-- BRIEF --
Without including any image, repeat every record exactly.

======== MATERIAL PROVIDED ========

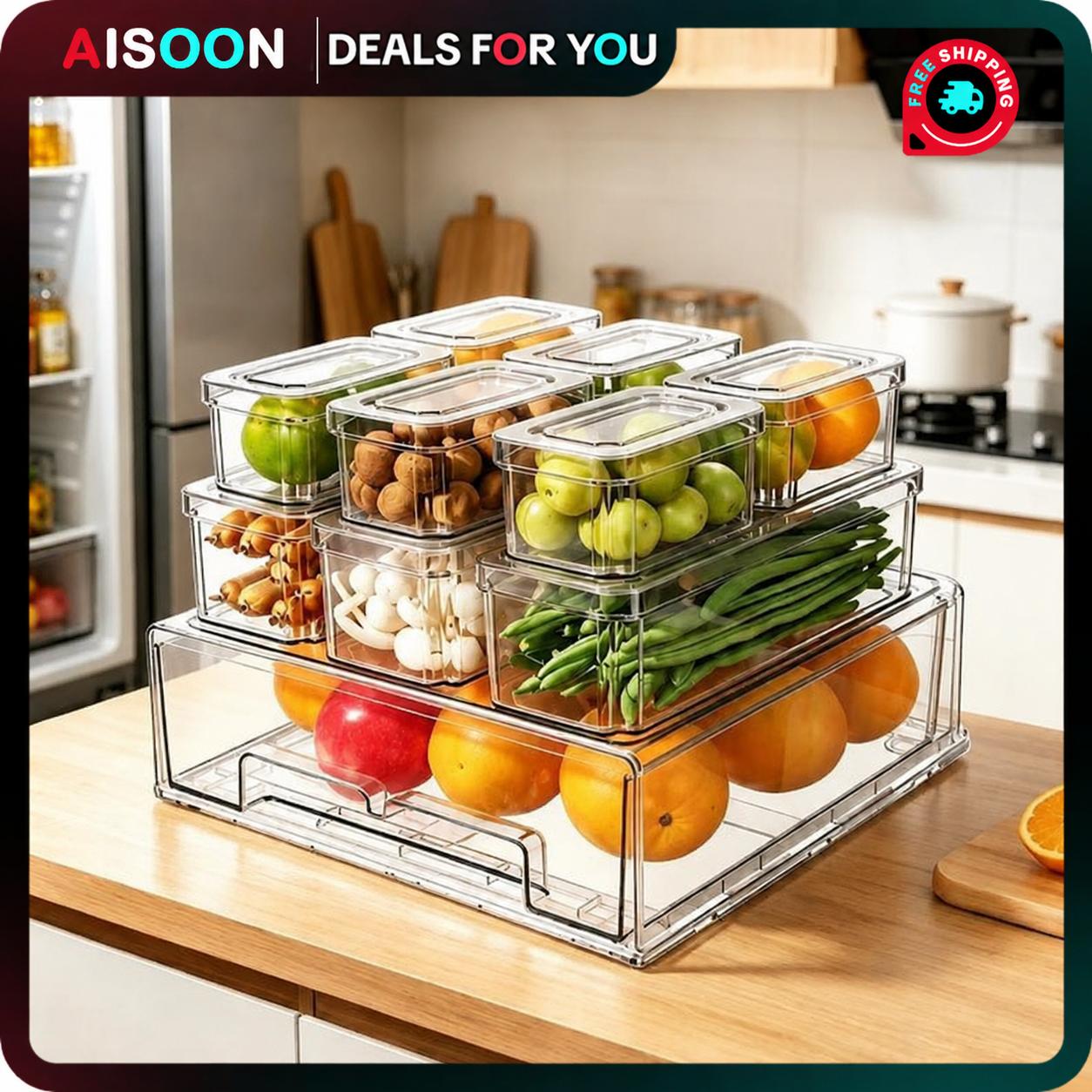 10/14-teiliges Kühlschrank-Org – Stackable Pantry Bin Bewertung und Preis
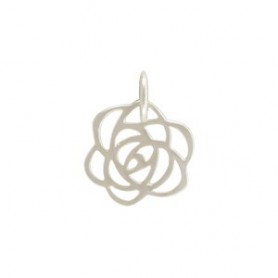 Sterling Silver Art Deco Rose Charm - Tiny 14x11mm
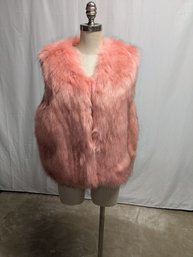 A & O International Pink With Black Faux Fur Accent Vest - Large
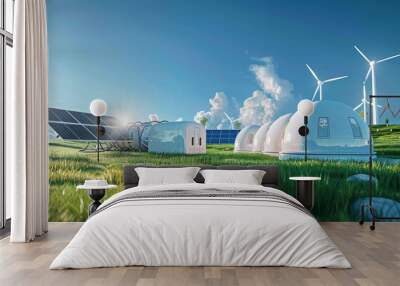 Canon EOS R5 highres realistic image of H2 white gas tanks clipped to solar panels and wind turbines on green grass, blue sky Wall mural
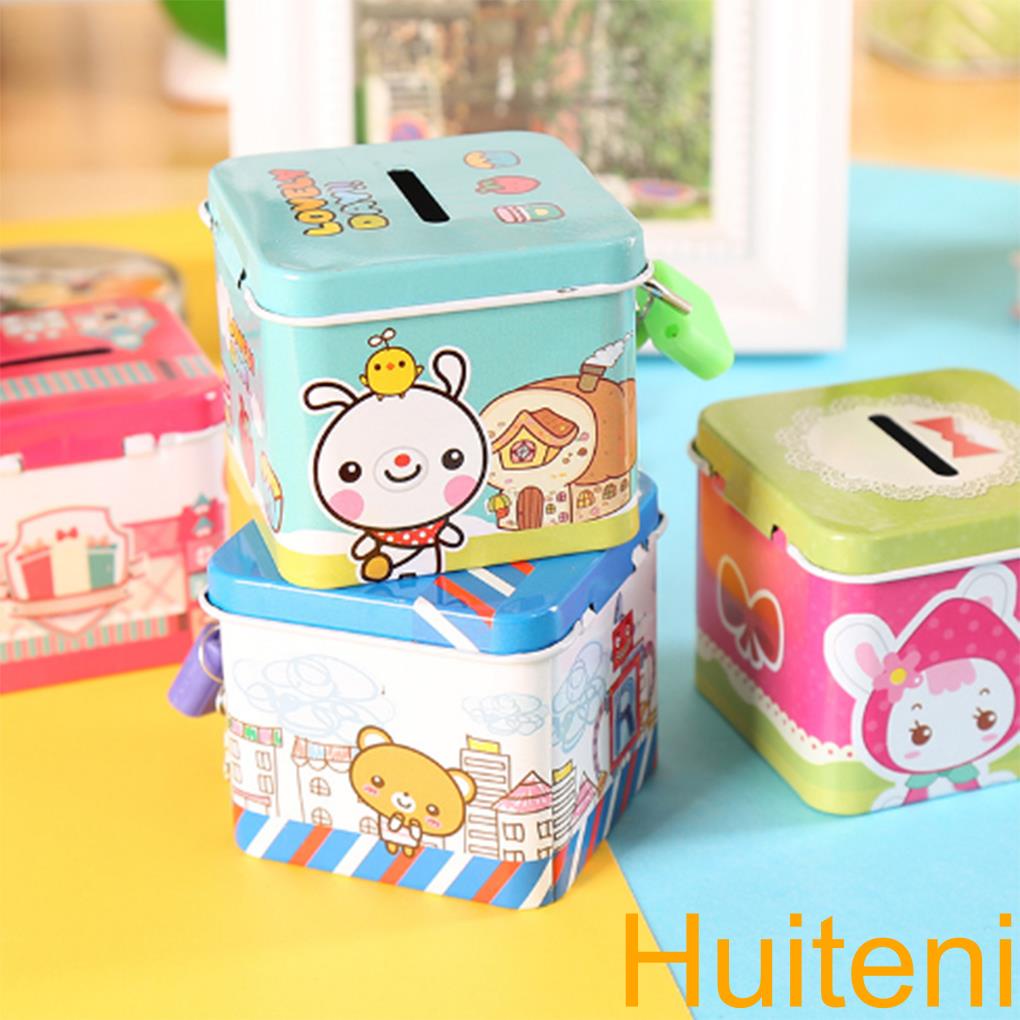 Cartoon Cute Square Tin Metal Piggy Bank Saving Cash Coin Money Box Children Toy Kids Gifts Random Color【Huiteni】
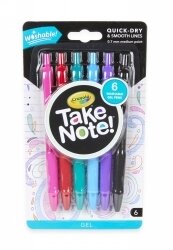 PEN CRAYOLA TAKE NOTE WASHABLE ASST PK6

========

-- REPLY TO THE TASK --
 10/14-teiliges Kühlschrank-Org – Stackable Pantry Bin Bewertung und Preis
 Sterling Silver Art Deco Rose Charm - Tiny 14x11mm
 A & O International Pink With Black Faux Fur Accent Vest - Large
 Canon EOS R5 highres realistic image of H2 white gas tanks clipped to solar panels and wind turbines on green grass, blue sky Wall mural
 Cartoon Cute Square Tin Metal Piggy Bank Saving Cash Coin Money Box Children Toy Kids Gifts Random Color【Huiteni】
 PEN CRAYOLA TAKE NOTE WASHABLE ASST PK6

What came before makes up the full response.